Sur le bord des routes de Flandre, assis sur les talus, la tête entre leurs mains, les soldats français des armées du Nord pleurent.

Les réfugiés en une longue et noire procession fuient devant la poussée allemande et sanglotent de désespoir.

Ce dimanche 26 mai, l’armée belge a capitulé. Le gouvernement a quitté le pays, mais le roi Léopold III a demandé qu’on dépose les armes, et négocié avec l’ennemi.

Sera-ce bientôt le sort de la France ?

Sortir au plus vite de la guerre, c’est, sous l’émotion, le projet du maréchal Pétain, celui du généralissime Weygand.

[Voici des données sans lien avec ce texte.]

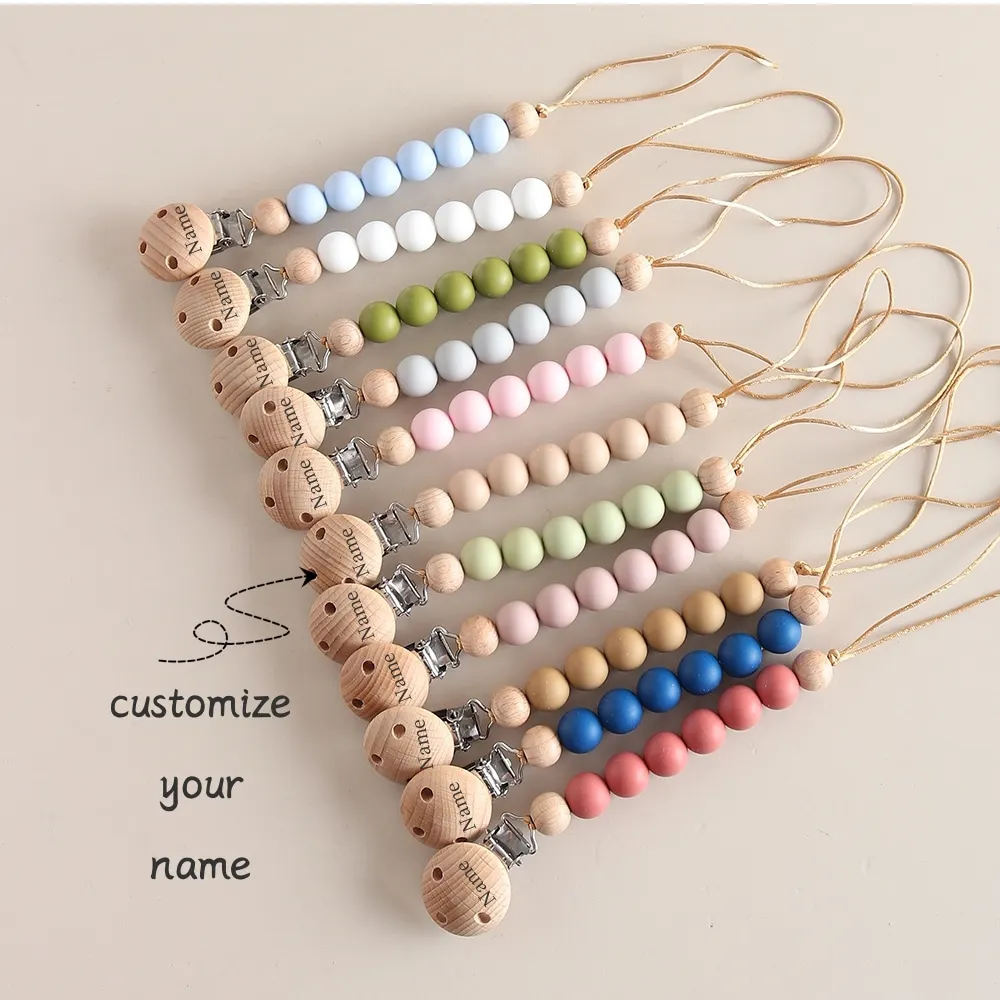 Custom Name Silicone Bead Pacifier Clip, Wooden Engraving Text Baby Dummy Holder Chain, Silicone Teether Chain Personalized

Ce dernier garde tout son sang-froid. Il donne l’ordre aux troupes « de se défendre à outrance sur les positions actuelles, sans regarder en arrière ». Il tente de constituer une ligne de défense, un front continu de la Somme à l’Aisne et peut-être demain sur la Seine, et qui sait sur la Loire. Mais il ajoute aussitôt : « Le commandant en chef a le devoir d’examiner en raison de la gravité des circonstances toutes les hypothèses. »

Il est en relation quotidienne avec le maréchal Pétain et les ministres, les hommes politiques qui veulent l’armistice.

Weygand entend sauver l’honneur de l’armée, permettre aux troupes de briser toute tentative « communarde » – communiste – de créer des troubles. Il veut faire porter la responsabilité de la défaite aux hommes politiques, à cet « ensemble de compromissions maçonniques, capitalistes et internationales » qu’était la République. Et derrière cette politique républicaine, il y a les Juifs.

Pour le maréchal Pétain comme pour Weygand, il ne s’agit donc pas d’accepter une capitulation de l’armée, mais il faut exiger que les hommes politiques endossent un armistice, qui conduirait à un changement de régime.

Ces chefs militaires-là – Pétain né en 1856, Weygand en 1867 – sont des contemporains de l’affaire Dreyfus (1894).

Ils ont une revanche à prendre contre cette République qui a humilié l’armée, réhabilité Dreyfus, puis dilapidé « leur » victoire du 11 novembre 1918.

C’est tout ce passé qui ressurgit en ces semaines de mai et de juin 1940.

Weygand hausse les épaules quand Paul Reynaud lui demande d’étudier « la mise en état de défense d’un réduit national autour d’un port de guerre ».

Il s’agit de la Bretagne et de Brest. Mais rares sont ceux – à l’exception d’un de Gaulle – qui croient à la possibilité d’un « réduit breton » ou bien d’un repli du gouvernement et des troupes encore combattantes en Afrique du Nord.